Optimize cost for AI workloads on Azure

This article shows early-stage startup teams how to identify and reduce costs in AI workloads on Microsoft Azure. It's written for the founder, CTO, or first engineering hire who owns the cloud bill and the evaluation (eval) set at the same time. It covers tagging and budget hygiene, the four request-path levers (caching, batching, routing, and model selection), GPU right-sizing for self-hosted inference, multi-tenant retrieval patterns, and a safe-change loop you can run without a dedicated platform team. Each section is tagged with the stage from the Azure architecture guide for startups where it applies (Explore, Expand, or Extract), so you can avoid optimizing for problems you don't yet have.
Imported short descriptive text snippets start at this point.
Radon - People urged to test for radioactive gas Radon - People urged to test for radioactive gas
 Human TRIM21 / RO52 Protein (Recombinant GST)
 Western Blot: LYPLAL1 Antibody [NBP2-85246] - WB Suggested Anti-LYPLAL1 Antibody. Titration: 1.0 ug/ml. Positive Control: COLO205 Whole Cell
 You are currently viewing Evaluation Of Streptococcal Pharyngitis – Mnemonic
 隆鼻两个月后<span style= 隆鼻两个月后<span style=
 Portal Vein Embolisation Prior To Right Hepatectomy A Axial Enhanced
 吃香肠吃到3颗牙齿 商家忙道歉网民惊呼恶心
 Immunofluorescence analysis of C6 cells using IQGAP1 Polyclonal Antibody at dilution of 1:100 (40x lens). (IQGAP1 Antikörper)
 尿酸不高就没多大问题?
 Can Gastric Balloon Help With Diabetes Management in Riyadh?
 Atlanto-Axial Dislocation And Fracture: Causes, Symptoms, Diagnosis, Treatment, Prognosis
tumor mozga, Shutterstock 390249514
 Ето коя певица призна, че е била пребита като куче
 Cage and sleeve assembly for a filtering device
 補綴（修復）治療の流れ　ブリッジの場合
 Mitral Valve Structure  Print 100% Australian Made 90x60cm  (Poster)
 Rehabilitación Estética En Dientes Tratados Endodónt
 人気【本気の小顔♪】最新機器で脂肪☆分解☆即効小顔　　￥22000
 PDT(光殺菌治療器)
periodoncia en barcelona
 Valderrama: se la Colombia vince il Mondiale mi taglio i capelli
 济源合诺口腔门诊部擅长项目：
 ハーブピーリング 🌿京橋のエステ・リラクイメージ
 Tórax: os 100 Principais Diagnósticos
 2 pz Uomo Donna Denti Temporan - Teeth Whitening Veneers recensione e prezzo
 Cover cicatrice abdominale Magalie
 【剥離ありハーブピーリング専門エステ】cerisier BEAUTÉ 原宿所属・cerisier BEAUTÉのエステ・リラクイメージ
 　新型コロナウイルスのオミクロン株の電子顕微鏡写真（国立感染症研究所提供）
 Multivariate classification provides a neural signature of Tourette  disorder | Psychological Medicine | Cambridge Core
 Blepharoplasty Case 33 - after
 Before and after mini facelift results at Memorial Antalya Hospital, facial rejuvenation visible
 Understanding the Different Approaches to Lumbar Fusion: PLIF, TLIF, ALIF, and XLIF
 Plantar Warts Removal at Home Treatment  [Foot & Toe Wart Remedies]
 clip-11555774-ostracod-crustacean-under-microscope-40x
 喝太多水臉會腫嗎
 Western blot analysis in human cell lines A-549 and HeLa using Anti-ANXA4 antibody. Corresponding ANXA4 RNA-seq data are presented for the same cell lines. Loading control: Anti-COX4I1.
In this article you'll learn how to:

Identify the top cost drivers in an AI workload on Azure.
Match cost-optimization levers to your startup stage.
Apply prompt caching, semantic caching, batching, model routing, and right-sizing.
Design multi-tenant retrieval and database patterns that scale linearly with revenue, not with usage.
Wrap cost changes in an eval gate, budget alerts, and per-tenant rate limits.
Recognize the early signals that you've outgrown a do-it-yourself approach to cost.

Prerequisites

An Azure subscription with at least one AI workload running in production, staging, or a working prototype.
Owner or Contributor permissions on the resources you want to measure.
Comfort opening the Azure portal. No prior experience with Cost Management or Azure Monitor is required. This article points you to the relevant pages.
A small eval set for your AI feature, with 10 to 50 representative prompts and expected behaviors. If you don't have one yet, see the Related articles section. You can build the first version in an afternoon.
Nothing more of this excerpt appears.